Action item:
With the images removed, transcribe the listing that follows exactly.

Provided material:
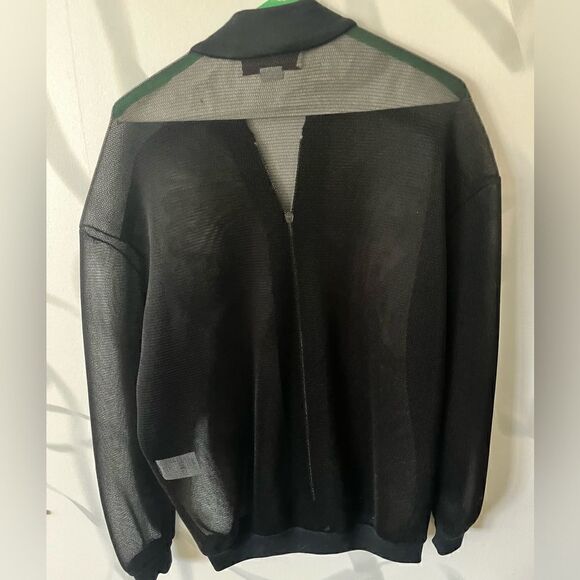 Stella McCartney Adidas Bomber Jacket Size Small 38 - Picture 4 of 5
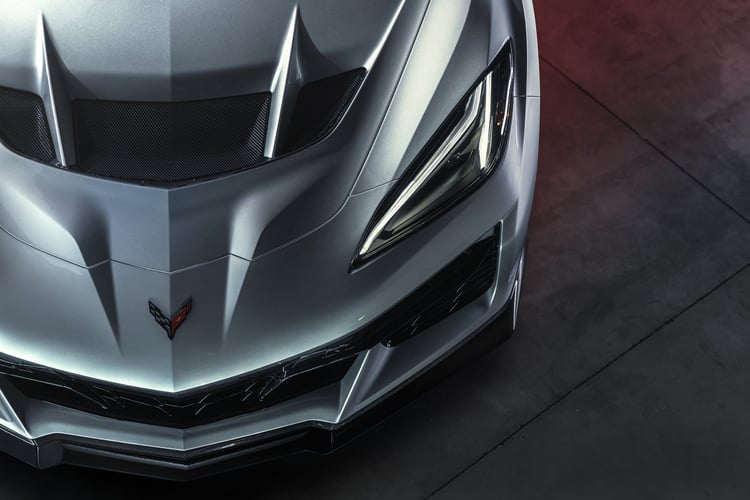 Chevrolet Corvette ZR1X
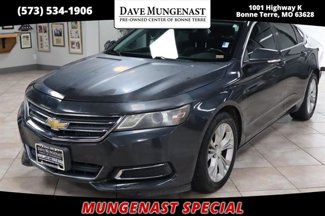 Used 2014 Chevrolet Impala LT w/ Convenience Package image 1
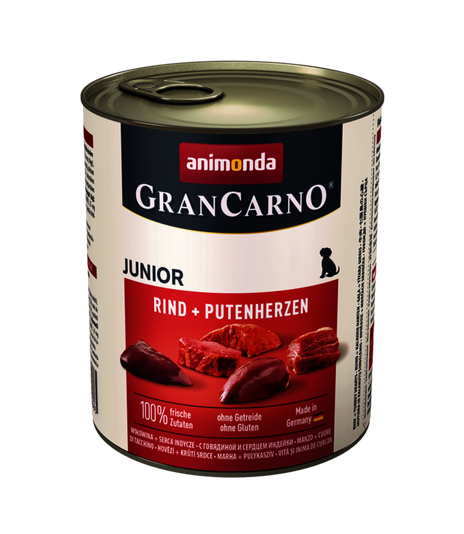 Animonda Grancarno Junior - 800g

Output of the exercise:
 Stella McCartney Adidas Bomber Jacket Size Small 38 - Picture 4 of 5
 Chevrolet Corvette ZR1X
 Used 2014 Chevrolet Impala LT w/ Convenience Package image 1
 Animonda Grancarno Junior - 800g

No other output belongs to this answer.